For many people, the upgrades will provide more speed, better reliability and reduce latency – meaning less lag on things like video chat or online games.

“In most cases, it’ll be like night and day,” Schongar said.

Schongar and his group are also still continuing discussions with Consolidated Communications to continue to improve internet speeds in Mason. A recently passed bill at the state level may present a solution.

In 2018, the state passed SB 170, a bill which allows towns to pass bonds to improve their internet infrastructure for areas of town that are underserved – in this case, defined as having speeds less than 25 megabytes per second for downloads and three megabytes per second for uploads – in a public-private partnership with Internet providers.

Despite the relative newness of the law, some municipalities have already taken advantage of it, and several more are exploring the option.

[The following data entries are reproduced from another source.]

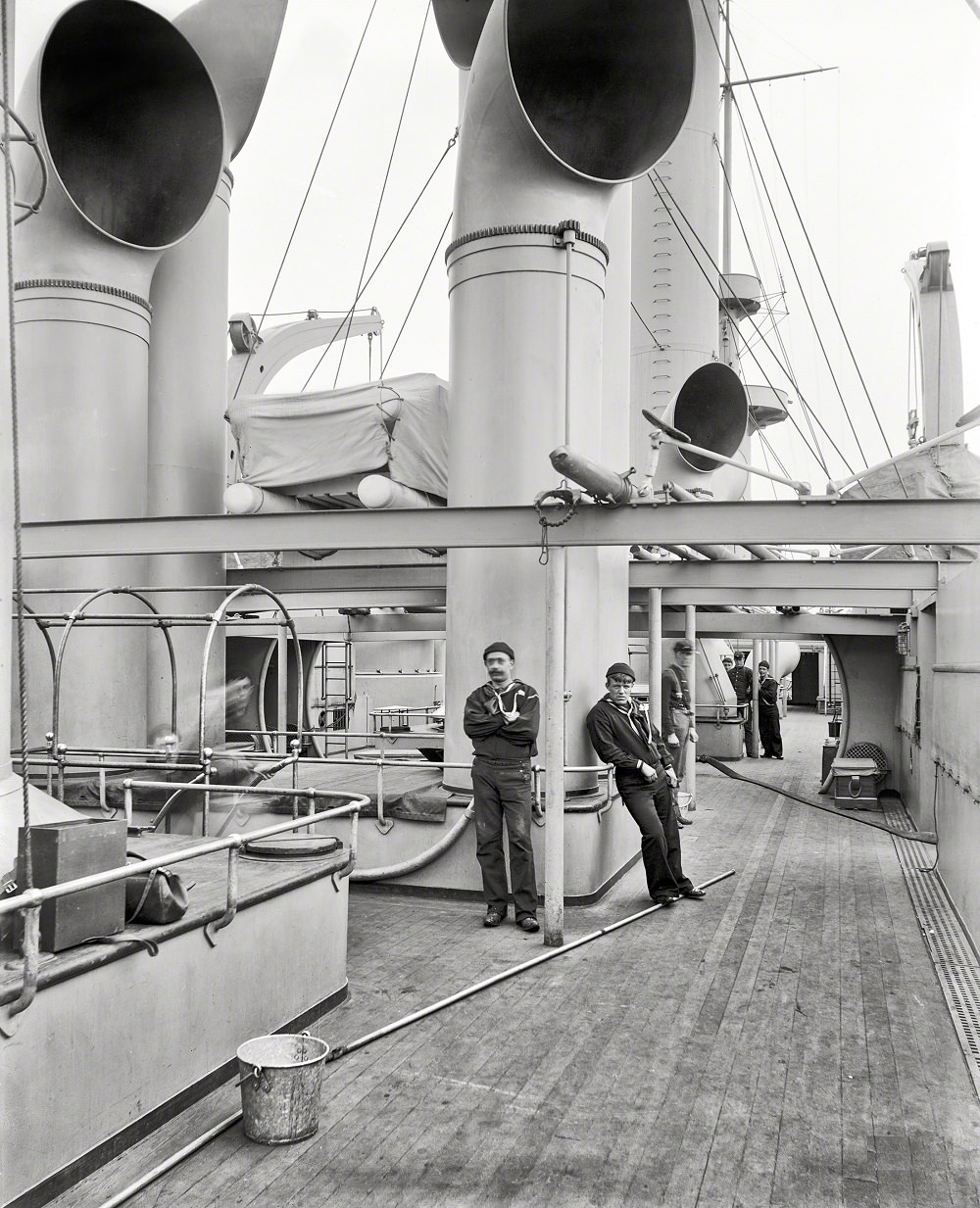 League Island Navy Yard, Philadelphia. U.S.S. Brooklyn spar deck, 1898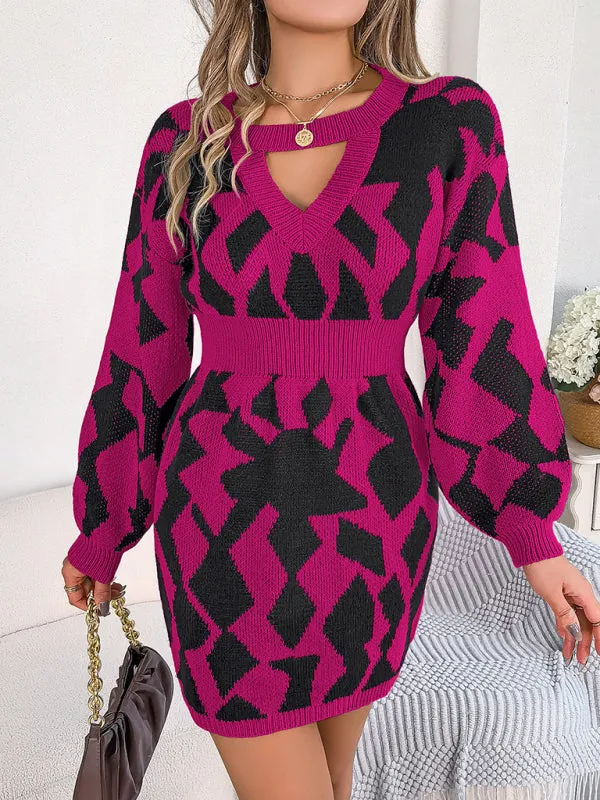 Geometric Print Mini Sweater Dress with Hollow Lantern Sleeves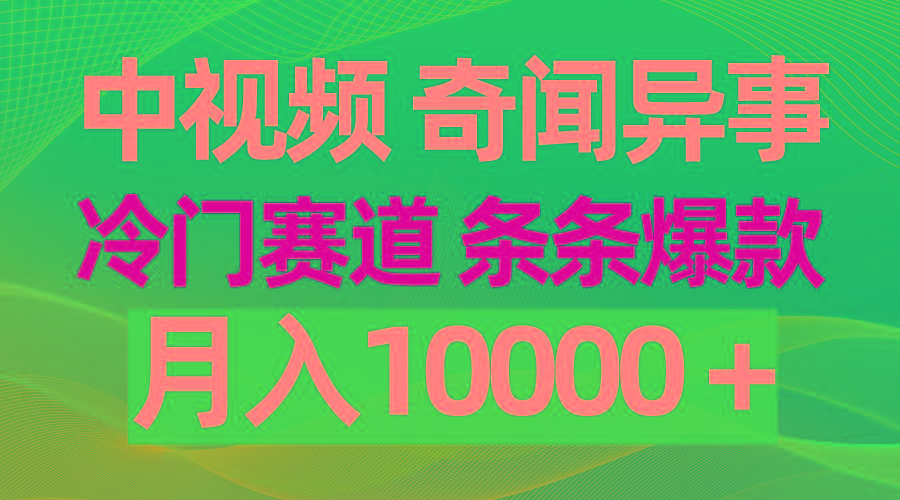 (9627期)中视频奇闻异事，冷门赛道条条爆款，月入10000＋-创新Ovo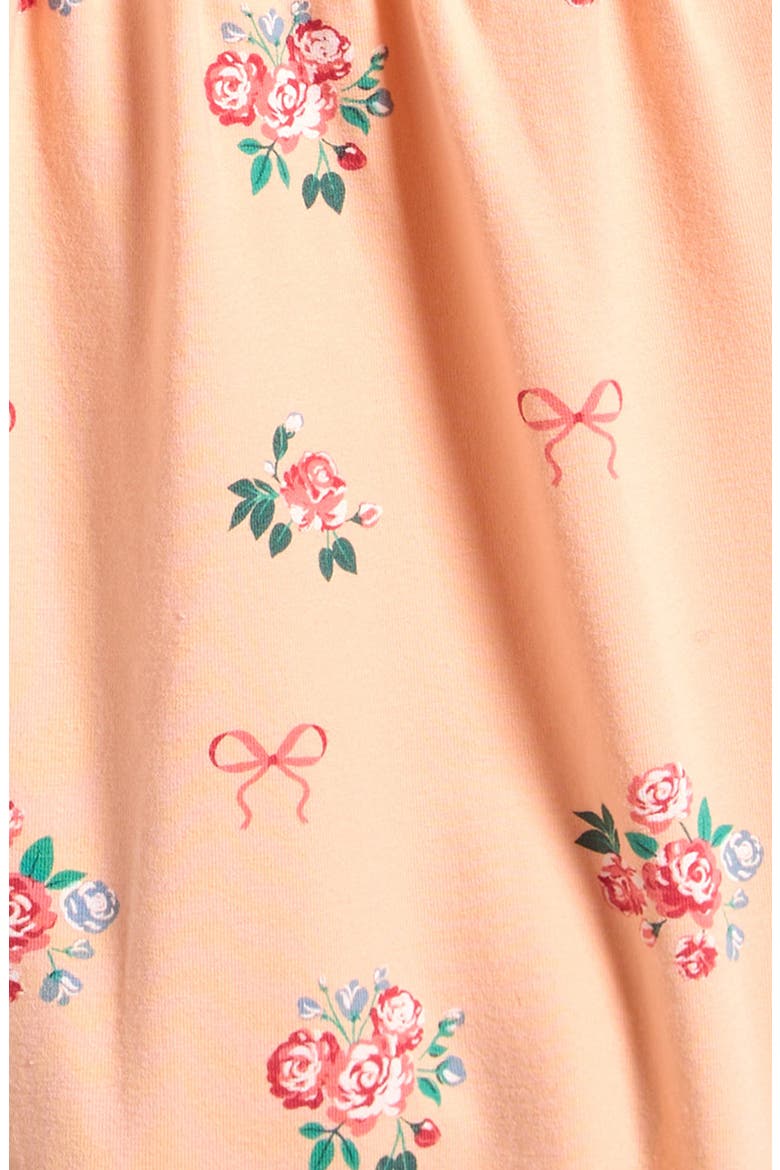Bows & Bouquets Ruffle Stertch Organic Cotton Romper, Alternate, color, PEACH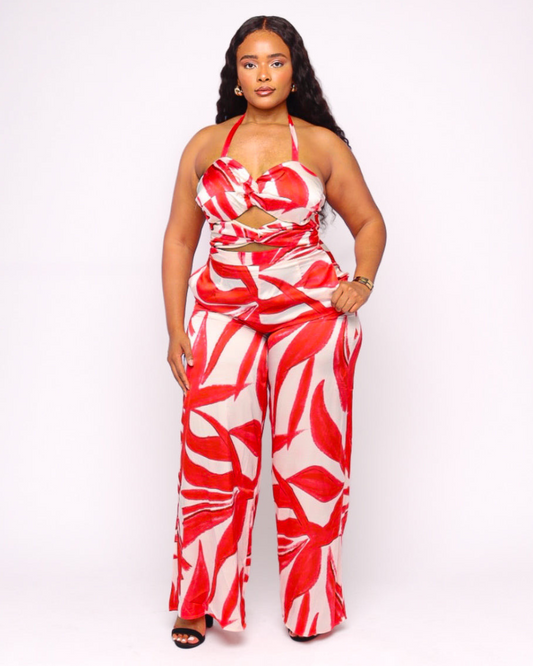 Hailey Knotted Tie Front Cutout Wide Leg Halter Jumpsuit
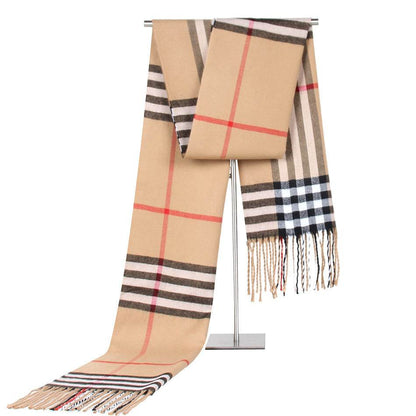 Buycenter Casual Plaid Scarf for Elderly Couples - Warm Imitation Cashmere - Buy Center US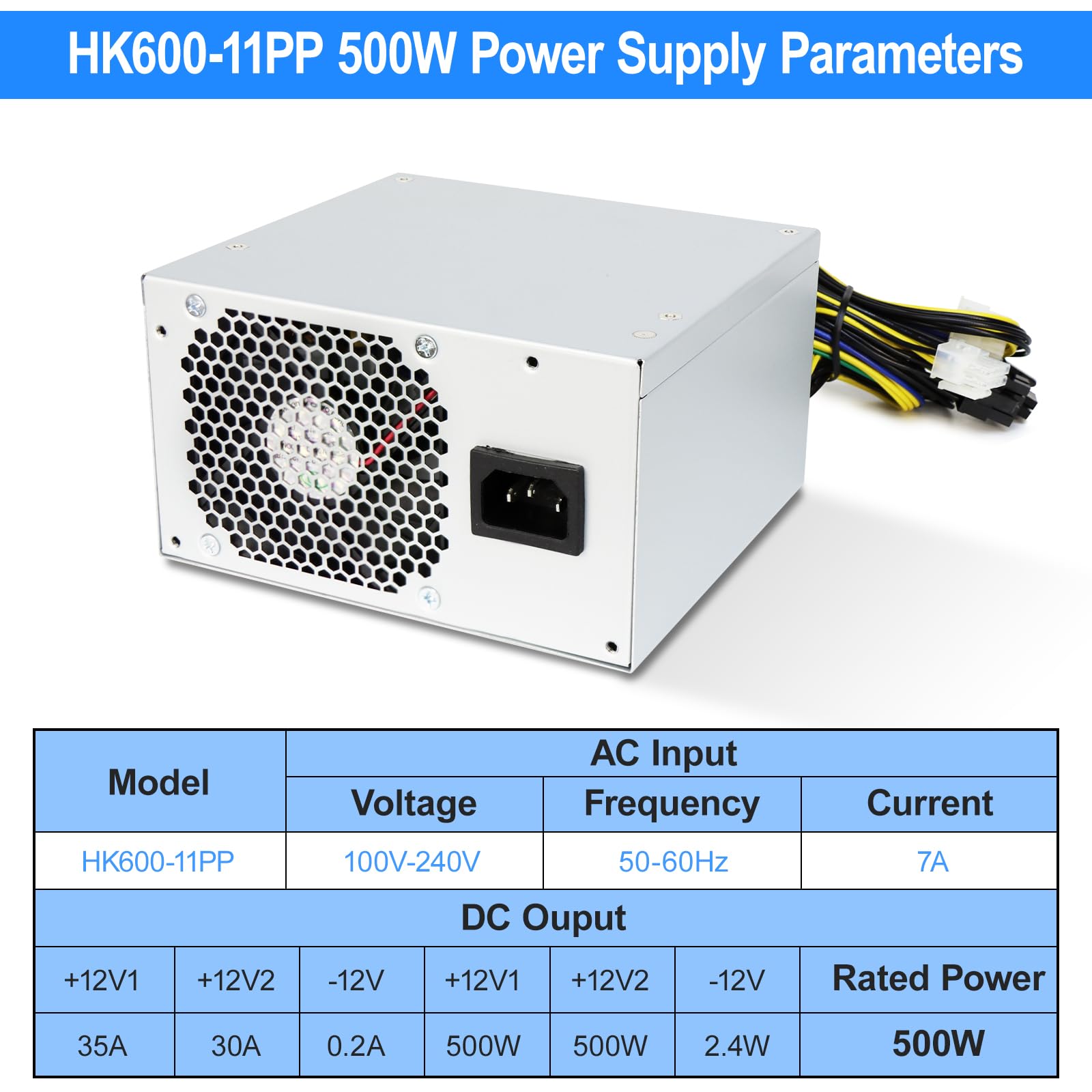 Actualizado 500 W HK600-11PP Compatible con Lenovo P330, P340, P350, P328, P310, M930T, T4900K, PCK010, FSK010, 5P50V03181, 5P50V03218, SP50H29598 y FSP600-60AGPAA. Fuente de alimentación conmutada.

Rob Koester, vice president of Consumer Product Management for Consolidated Communications, said the company has already worked with Chesterfield to expand its high-speed internet using bonding. The town passed a $1.8 million bond for new infrastructure for fiber-based internet. Instead of being paid back through the tax rate, the bond is paid through a monthly infrastructure fee added to subscriber’s bills. The fee can be no more than $10 per month. 

A similar deal could be worked out in Mason, since the town’s rural nature and spread-out residences make it an unlikely candidate for expensive fiber upgrades, which would drastically improve Internet speeds – up to a Gigabyte per second for both upload and download speeds. 

Koester said he’s been working with Mason representatives, including Schongar, on the first steps of a bonding solution, through it’s not guaranteed Consolidated Communications would be the final candidate for a fiber build-out in town. If Mason moves forward with a bond, it would put out a request for proposals and receive bids from several internet providers. In the meantime, the town would have to create a broadband map, identifying the homes which fall short of the upload and download speeds identified as “underserved” in SB 170.

While fiber may not be the only solution for Mason, its likely to be the most cost-effective for providers, Koester said, while also dramatically improving service.

In an urban environment, to install a mile of fiber, it would cost the provider around $7,000-$10,000 per mile. In a rural environment, particularly in a town like Mason where the geography can be challenging, the cost is more like $30,000-$50,000. It’s also more expensive for rural users to hook into that network – a cost of about $3,000-$5,000, compared to an urban user, which would cost between $800-$1,100.

Because a rural network is always going to be expensive, Koester said its generally most cost-effective to do a fiber build-out and provide the best service available.

“Based on what we’ve seen  with other towns, fiber’s going to be the first choice,” Koester said.